Bucking the trend, LME looks at expanding floor trading

* Morning floor trading planned to capture Asian business

* Ring floor may be expanded for new members, extra staff

* First major move by LME's new owner

By Josephine Mason and Susan Thomas

NEW YORK/LONDON, Oct 11 (Reuters) - The London Metal Exchange may add morning rounds of open-outcry trading for its unique futures contracts, senior trade sources say, as the new Hong Kong-based owners plot their first major move to hold off intense competition from their Shanghai rival.

Introducing a third, earlier, round of trading sessions would be the biggest shift in the way the 135-year old exchange operates since the launch of its electronic platform over a decade ago, and would run counter to the global industry trend toward shutting down trading pits in favor of faster, cheaper electronic platforms.

The trading committee, which is made up of representatives from the LME's ring and larger clearing members, has discussed an earlier beginning to London 'ring' and 'kerb' trading, in which each metal contract trades one by one, then all at once, three executives at ring-dealing firms said.

"The LME is talking about a morning kerb to tie in with the Far East market," said one of the senior executives.

It is not clear when the exchange would make a final decision, although informal talks are likely to continue next week during the annual LME Week events. The new time could be launched as early as the first quarter, executives said.


According to early plans, the new morning session for the ring, as the LME floor is known because traders sit at fixed points in a circle, would be similar to the existing morning and afternoon ones: the LME's six major non-ferrous metals and two aluminium alloy contracts are traded sequentially in four five-minute bursts of open outcry, with 12 ring-dealing firms taking orders from their customers and their own back office.

The additional kerb session would likely be shorter than in the current kerbs, which last for just over two hours.

The focus on the floor may extend to creature comforts as well - early discussions have taken place about refurbishing and expanding the ring to make room for any additional staff needed for the longer day or new members, senior traders have said.

The LME declined to comment on plans to extend floor hours and overhaul the floor space.

The move would please advocates of the ring, including many of the big brokers and banks, who believe open outcry trading still has a role in a global market increasingly dominated by screen trading and algorithmic execution.

They argue this is especially true of the LME, whose contracts are based on hundreds of specific forward dates, rather than on simple monthly delivery system of most futures contracts.

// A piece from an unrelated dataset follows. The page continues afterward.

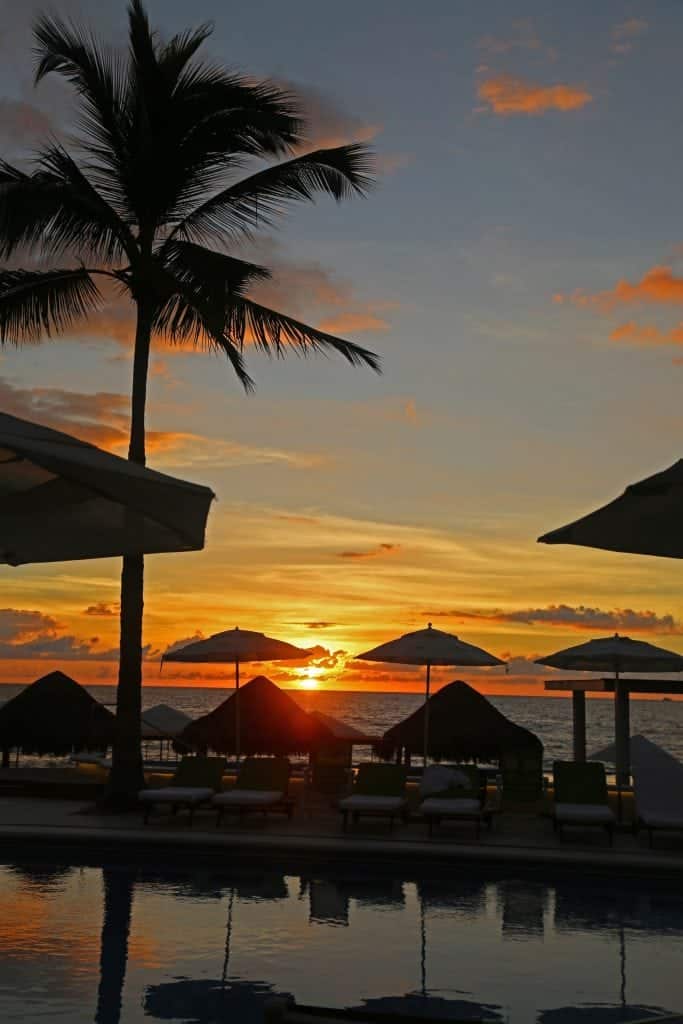 Sunset over palm trees, a pool, and umbrellas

Live brokers are often better able to manage the complex delivery system, supporters say.

"With the commercial flexibility of over 1,000 tradable prompt dates, the LME floor offers unrivaled forward market liquidity," says Michael Frawley, head of base metals and sales at ring-dealing firm Jefferies Bache.

The question is whether the new session will add liquidity for the LME, which has seen its share of the global copper futures market eroded by both the Shanghai Futures Exchange, where Chinese speculators are active, and CME Group , whose active electronic platform and familiar futures structure has attracted high-frequency traders.

But floor supporters hope that the new owner - the Hong Kong Exchanges and Clearing Ltd (HKSE) - will attract ring-dealing members from China. For its part, the HKSE is eager to boost income after it paid $2.2 billion to beat out IntercontinentalExchange to buy the LME, a steep premium for a market that turned in a profit of $12 million last year.

In April, BOCI Global Commodities, a unit of Bank of China, became the first Chinese LME member with a Category II membership allowing it to trade electronically and in the telephone market but not in the ring.


If the LME pushes ahead with an early session, it would be the most concrete effort yet to increase business from Asian investors since the exchange extended electronic Select trading hours in 2006 and introduced Asian reference prices in 2011.

The Asian reference -- a series of "benchmark" three-month prices published early in the London morning based on LME Select prices over a 15-minute window -- has failed to capture much attention, with the market still preferring to use the official prices for contracts, traders in the region say.

A morning ring session could help tap into China's growing retail and investor base. Traders and commercial firms in China, the world's top metals consumer, are already major LME users.

"If you had a five-minute session (in the morning), we would generate a lot more physical business," a physical trader in Shanghai said.

FUTURE OF THE FLOOR The ring was the focus of much debate during the year-long takeover battle for the LME, with the last two bidders pledging to maintain three LME mainstays: the floor, contracts' unique date structure, and its complex warehousing network. The HKSE has promised to keep running the floor until at least 2015.

Launched 11 years ago, Select helped modernize the exchange, and as much as 80 percent of vanilla three-month trades are now transacted on screens, the LME says.

But some 80 percent of so-called "date spreads", which form a huge part of the LME's business, are still executed on the floor or over the phone, the LME says.

The ability to transact face to face is increasingly rare. ICE, which shut down London's International Petroleum Exchange (IPE) trading floor years ago after buying the exchange, will become totally electronic when it shuts its New York pits in two weeks, ending a 140-year tradition.

"With ICE, (longer floor hours) wouldn't be in discussion," said the first executive.